In the POC they refer to the car being on private land in the corn exchange, however it would appear ( after a google as I wasn't the driver I had no idea where it was) that it is a car park that has an actual name and is on a particular street.
Does it matter that they are refering to it one way where it is actually called something else?
Is this another point to add in?
DEFENCE
________________________________________
1. The Defendant denies that the Claimant is entitled to relief in the sum claimed, or at all.

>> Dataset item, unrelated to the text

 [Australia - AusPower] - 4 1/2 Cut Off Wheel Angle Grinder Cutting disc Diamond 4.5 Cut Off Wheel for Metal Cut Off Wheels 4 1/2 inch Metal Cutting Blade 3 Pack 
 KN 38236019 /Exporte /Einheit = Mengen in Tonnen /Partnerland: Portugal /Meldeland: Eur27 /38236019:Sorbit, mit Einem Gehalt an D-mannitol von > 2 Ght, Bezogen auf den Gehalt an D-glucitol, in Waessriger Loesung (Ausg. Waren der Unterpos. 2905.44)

2. The Defendant was the registered keeper of the vehicle in question. The particulars of the claim, state the legal basis is brought against the Defendant for ‘breach in advertised terms and conditions; namely parking without displaying a valid ticket / permit.’ However, it is denied that the Defendant, or any driver of the vehicle, entered into any contractual agreement with the Claimant, whether express, implied, or by conduct when parking in the Corn Exchange 12/06/2015 at 00:22
3. The defendant was not the driver at the time of the vehicle at the time of the alleged contravention
4. The POC alleges that the Defendant was 'the registered keeper and/or the driver' of the vehicle, indicating a failure to identify a Cause of Action. The Claimant is simply offering a menu of choices and failed to comply with Civil Procedure Rule 16.4, or with Civil Practice Direction 16, paras. 7.3 to 7.5.
5. The Defendant was not the driver of the vehicle at the time of the alleged contravention and cannot be held liable due to this Claimant's well-documented admission that they did not use the Protection of Freedoms Act 2012, Schedule 4 ('the POFA') in their Notice to Keeper letters in the year in question.

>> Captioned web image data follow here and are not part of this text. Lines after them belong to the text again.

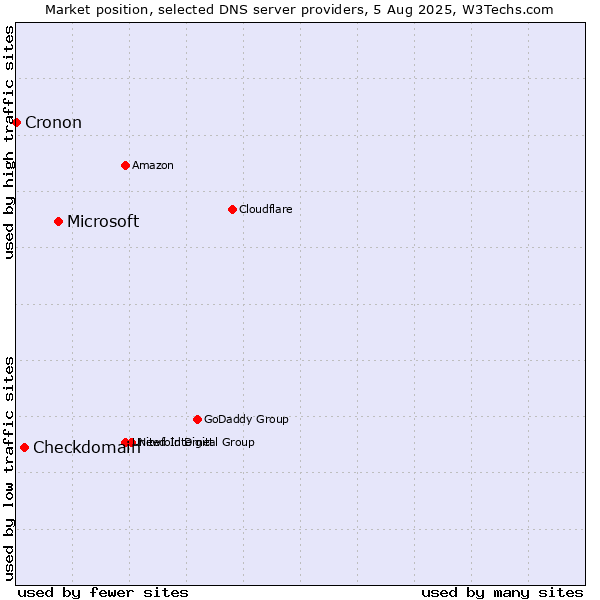 Market position of Microsoft vs. Checkdomain vs. Cronon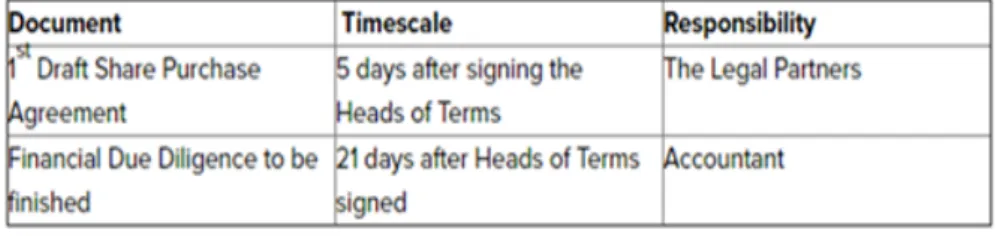 Tabel 2. Timeframe pembuatan HOA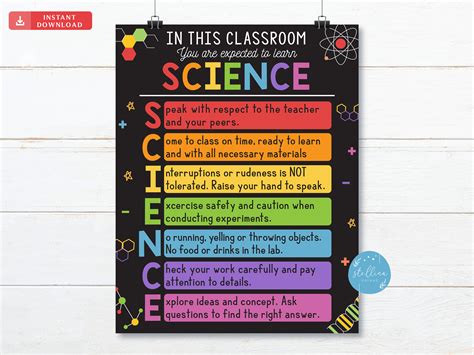 Science Classroom Rules Poster Science Class Decor Science - Etsy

5.1. Further, it is denied that any driver would have been acting 'on behalf of' the registered keeper in any kind of agency capacity. The owner of VCS and its sister parking company, Excel, is already well aware from a persuasive June 2017 case at Manchester (Excel v Smith, Claim No. C0DP9C4E/M17X062) heard on appeal after the county court Judge fell into error regarding the question of keeper liability, that the Senior Circuit Judge held when upholding the appeal, that their incorrect citation of CPS Ltd v AJH Films Ltd to try to paint an individual as liable under a twisted interpretation of the law of agency, was 'improper' and that outwith the POFA, liability cannot pass to the keeper.
6. Further and in the alternative, it is denied that the claimant's signage sets out the terms in a sufficiently clear manner. The alleged incident occurred at 00:22 during the hours of darkness. The claimant is put to proof that the signage was illuminated and visable to anyone at the location at the material time. If they were not then it is argued that it is impossible for a driver to make an informed decisions or enter into any contract with VCS Ltd.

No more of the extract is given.